I have worked in many varied fields within the arts for fifty years as a performer, teacher, theatre designer, prop maker, production and project advisor, gallery director and curator and workshop coordinator.
My life long interest in making from salvaged elements has its roots in post war Britain, a time of austerity and uncertainty. My parents were politically and socially conscious, northern working class people and highly creative. They acquired skills out of necessity.
I trained as a dancer at the Ballet Rambert School under Dame Marie Rambert, dancing with her company in the sixties and, later, performing for other companies in Europe.
In 1967 I married dancer-choreographer Christopher Bruce.
My visual art studies began in 1975. I was privileged to be tutored by Prunella Clough during my M.A degree in Printmaking at Wimbledon School of Art.
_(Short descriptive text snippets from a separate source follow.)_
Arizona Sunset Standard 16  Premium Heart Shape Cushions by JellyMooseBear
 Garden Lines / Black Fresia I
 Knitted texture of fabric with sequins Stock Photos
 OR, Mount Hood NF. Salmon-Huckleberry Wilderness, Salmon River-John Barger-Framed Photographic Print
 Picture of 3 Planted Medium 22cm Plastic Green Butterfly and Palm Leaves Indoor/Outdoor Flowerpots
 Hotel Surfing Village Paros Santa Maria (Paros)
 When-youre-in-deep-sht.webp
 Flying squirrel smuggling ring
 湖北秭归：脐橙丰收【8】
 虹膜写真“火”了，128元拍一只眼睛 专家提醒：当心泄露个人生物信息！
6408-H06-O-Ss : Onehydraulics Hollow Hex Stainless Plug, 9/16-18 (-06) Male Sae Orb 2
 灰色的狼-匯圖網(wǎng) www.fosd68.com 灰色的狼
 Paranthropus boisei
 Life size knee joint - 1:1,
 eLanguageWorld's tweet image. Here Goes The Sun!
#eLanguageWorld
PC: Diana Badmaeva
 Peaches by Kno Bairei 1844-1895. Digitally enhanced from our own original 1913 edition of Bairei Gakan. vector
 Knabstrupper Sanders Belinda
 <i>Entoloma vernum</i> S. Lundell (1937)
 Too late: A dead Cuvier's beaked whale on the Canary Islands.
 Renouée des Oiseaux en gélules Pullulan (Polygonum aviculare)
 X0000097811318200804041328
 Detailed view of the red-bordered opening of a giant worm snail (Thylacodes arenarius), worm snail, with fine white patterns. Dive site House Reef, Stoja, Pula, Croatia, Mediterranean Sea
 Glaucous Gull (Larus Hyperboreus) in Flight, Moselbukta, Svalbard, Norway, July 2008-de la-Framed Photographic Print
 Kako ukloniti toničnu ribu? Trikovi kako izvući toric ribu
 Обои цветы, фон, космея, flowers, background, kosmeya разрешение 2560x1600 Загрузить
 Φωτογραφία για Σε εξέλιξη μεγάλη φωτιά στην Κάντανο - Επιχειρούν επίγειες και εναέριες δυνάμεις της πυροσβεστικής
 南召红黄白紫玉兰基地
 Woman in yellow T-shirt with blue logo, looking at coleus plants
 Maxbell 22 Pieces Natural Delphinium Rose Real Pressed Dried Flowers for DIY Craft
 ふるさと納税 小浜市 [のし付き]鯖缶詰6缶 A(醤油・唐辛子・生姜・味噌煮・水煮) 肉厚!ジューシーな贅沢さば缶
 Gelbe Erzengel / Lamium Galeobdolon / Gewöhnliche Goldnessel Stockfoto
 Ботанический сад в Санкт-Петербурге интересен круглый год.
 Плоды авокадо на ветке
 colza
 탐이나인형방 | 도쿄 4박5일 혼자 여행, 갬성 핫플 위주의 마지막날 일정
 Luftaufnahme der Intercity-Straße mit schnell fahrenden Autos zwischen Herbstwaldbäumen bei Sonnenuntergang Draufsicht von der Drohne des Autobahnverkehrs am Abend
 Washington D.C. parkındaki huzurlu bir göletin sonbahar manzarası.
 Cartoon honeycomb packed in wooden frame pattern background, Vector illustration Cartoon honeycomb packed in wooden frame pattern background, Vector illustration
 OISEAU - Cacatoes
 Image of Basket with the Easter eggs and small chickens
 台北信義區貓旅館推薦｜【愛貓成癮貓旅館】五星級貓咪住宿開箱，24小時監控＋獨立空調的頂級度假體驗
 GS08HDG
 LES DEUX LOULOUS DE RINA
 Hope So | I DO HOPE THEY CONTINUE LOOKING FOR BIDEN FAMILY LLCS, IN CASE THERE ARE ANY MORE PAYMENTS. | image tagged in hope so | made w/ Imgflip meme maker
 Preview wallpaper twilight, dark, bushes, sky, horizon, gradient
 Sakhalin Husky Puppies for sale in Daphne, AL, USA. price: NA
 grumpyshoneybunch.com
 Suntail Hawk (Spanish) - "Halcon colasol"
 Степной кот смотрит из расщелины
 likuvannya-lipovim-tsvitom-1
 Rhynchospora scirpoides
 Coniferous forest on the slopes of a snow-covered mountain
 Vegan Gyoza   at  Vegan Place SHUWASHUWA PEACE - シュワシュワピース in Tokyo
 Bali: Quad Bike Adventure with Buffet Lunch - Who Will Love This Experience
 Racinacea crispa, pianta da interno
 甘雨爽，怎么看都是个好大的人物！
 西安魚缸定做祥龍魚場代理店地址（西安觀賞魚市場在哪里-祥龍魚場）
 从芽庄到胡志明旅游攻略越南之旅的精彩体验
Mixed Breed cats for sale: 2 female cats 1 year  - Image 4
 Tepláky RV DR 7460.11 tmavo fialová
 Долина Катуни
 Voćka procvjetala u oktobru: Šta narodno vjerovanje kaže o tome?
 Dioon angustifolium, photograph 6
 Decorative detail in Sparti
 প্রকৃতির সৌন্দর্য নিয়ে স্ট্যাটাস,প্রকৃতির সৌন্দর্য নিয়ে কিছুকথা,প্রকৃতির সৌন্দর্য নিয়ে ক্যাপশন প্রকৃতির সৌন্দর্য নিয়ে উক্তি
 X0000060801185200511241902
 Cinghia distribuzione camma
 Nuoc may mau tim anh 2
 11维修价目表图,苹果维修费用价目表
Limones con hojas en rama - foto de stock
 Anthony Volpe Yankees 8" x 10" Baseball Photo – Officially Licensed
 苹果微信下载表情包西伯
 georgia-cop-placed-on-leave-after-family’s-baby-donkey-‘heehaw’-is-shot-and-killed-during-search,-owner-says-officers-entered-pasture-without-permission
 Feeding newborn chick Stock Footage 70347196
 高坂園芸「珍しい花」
Cutting and carving wood blocks lead me into carpentry and the three dimensional world eventually connected me with stage and costume design.
My practice is solitary and silent, similar in nature to the “Outsider” artists in its obsessive nature. Certain creators challenge and inform my making; their convictions sustain and support my intention to chart my own territory without constraint: they are, amongst others, Eva Hesse, Doris Salcedo, Michel Nedjar, Judith Scott, Miroslaw Balka, Louise Bourgeois and Ron Mueck.
Much of my visual art work has focused on the plight of the oppressed and the complex vulnerability of humanity, acknowledging the courage of damaged and desperate people in crisis worldwide.
Creative activity nurtures essential life enhancing attributes: curiosity, imagination, resourcefulness and independence – benefits which cannot be measured.
I invite a the viewer to engage, interpret and, hopefully, experience their own new perspectives.